MAHKEMESİ :Kadastro Mahkemesi
Taraflar arasındaki "kadastro tespitine itiraz" davasından dolayı yapılan yargılama sonunda Aydın Kadastro Mahkemesince davanın reddine, dava konusu taşınmazların tespit gibi tesciline dair verilen 20.12.2013 tarihli ve 2013/19 E., 2013/26 K. sayılı kararın davacı Hazine vekili tarafından temyizi üzerine, Yargıtay 16. Hukuk Dairesinin 26.05.2014 tarihli ve 2014/5773 E., 2014/7001 K. sayılı kararı ile:
"...Yargıtay bozma ilamında özetle; "mera araştırması yapılması, taşınmazların mera olmaması halinde yeterli biçimde zilyetlik araştırması yapılması" gereğine değinilmiştir.

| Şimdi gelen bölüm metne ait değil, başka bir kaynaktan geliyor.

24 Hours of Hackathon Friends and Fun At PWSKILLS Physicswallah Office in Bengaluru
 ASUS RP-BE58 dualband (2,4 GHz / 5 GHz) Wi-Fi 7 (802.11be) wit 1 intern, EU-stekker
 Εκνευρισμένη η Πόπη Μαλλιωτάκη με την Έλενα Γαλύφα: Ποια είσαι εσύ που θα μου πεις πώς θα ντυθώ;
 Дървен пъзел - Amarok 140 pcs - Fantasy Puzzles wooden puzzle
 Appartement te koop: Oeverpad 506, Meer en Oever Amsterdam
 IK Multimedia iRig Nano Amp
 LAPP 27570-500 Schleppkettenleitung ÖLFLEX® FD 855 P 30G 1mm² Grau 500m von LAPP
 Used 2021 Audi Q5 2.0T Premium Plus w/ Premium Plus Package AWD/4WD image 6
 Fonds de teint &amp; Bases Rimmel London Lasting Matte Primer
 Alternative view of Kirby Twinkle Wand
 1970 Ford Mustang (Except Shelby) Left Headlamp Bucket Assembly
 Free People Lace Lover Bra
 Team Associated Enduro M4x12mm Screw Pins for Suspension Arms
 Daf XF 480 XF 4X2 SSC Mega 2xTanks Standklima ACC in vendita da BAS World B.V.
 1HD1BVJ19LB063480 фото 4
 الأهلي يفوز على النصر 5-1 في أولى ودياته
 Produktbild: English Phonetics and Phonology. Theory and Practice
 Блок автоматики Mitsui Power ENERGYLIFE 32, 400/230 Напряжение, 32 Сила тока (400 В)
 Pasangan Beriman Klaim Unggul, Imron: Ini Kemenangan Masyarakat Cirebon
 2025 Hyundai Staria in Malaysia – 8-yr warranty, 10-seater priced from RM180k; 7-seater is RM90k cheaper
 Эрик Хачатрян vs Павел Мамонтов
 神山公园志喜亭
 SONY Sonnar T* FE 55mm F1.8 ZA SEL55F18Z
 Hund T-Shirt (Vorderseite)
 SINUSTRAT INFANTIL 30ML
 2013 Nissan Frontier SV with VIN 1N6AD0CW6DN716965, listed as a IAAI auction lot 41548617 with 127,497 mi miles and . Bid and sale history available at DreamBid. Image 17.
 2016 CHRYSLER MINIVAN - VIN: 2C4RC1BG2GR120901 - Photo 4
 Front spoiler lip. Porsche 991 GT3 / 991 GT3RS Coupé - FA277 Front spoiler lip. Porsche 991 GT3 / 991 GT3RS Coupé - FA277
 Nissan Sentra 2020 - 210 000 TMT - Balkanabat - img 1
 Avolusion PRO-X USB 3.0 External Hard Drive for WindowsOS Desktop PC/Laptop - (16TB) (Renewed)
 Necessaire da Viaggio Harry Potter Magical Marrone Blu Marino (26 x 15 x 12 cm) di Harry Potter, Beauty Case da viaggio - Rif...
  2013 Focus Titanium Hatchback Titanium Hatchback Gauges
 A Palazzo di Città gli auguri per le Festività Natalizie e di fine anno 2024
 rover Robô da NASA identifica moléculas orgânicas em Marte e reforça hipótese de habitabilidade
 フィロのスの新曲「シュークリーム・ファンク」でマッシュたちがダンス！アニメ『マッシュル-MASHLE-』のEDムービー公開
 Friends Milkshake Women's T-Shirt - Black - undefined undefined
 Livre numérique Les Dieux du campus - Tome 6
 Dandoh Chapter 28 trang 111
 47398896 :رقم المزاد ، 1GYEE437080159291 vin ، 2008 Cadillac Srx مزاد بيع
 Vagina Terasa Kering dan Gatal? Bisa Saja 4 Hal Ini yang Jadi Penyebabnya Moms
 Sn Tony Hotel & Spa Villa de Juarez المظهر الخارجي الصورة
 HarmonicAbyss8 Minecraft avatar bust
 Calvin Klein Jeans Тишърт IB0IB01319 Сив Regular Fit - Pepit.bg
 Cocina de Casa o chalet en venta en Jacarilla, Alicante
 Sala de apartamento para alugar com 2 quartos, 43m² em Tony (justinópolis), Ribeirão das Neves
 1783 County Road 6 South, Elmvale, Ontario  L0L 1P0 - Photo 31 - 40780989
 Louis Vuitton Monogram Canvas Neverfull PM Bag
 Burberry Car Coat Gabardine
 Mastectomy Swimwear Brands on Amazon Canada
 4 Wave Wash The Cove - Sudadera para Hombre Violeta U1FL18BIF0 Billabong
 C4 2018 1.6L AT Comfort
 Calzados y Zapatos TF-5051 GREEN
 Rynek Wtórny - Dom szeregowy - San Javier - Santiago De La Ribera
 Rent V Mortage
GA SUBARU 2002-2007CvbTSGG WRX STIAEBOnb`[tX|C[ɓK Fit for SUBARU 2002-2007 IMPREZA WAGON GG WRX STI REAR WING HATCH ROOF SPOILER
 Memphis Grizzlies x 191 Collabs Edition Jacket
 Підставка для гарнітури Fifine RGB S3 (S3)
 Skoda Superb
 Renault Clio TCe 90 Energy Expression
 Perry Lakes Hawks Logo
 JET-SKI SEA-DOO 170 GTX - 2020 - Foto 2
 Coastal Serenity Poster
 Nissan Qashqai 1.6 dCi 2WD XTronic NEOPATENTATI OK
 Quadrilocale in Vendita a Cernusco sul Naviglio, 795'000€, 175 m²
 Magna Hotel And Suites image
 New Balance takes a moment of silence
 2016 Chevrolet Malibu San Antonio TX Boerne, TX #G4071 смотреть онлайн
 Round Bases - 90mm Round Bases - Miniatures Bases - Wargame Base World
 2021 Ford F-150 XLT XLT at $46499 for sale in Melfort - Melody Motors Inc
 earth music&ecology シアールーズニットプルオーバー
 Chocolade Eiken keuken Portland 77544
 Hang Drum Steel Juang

Mahkemece bozma ilamına uyularak yapılan yargılama sonunda davanın reddine, çekişmeli 201 ada 111 ve 206 ada 80 parsel sayılı taşınmazların tespit gibi davalı ... adına tapuya tescillerine karar verilmiş; hüküm, davacı Hazine vekili tarafından temyiz edilmiştir.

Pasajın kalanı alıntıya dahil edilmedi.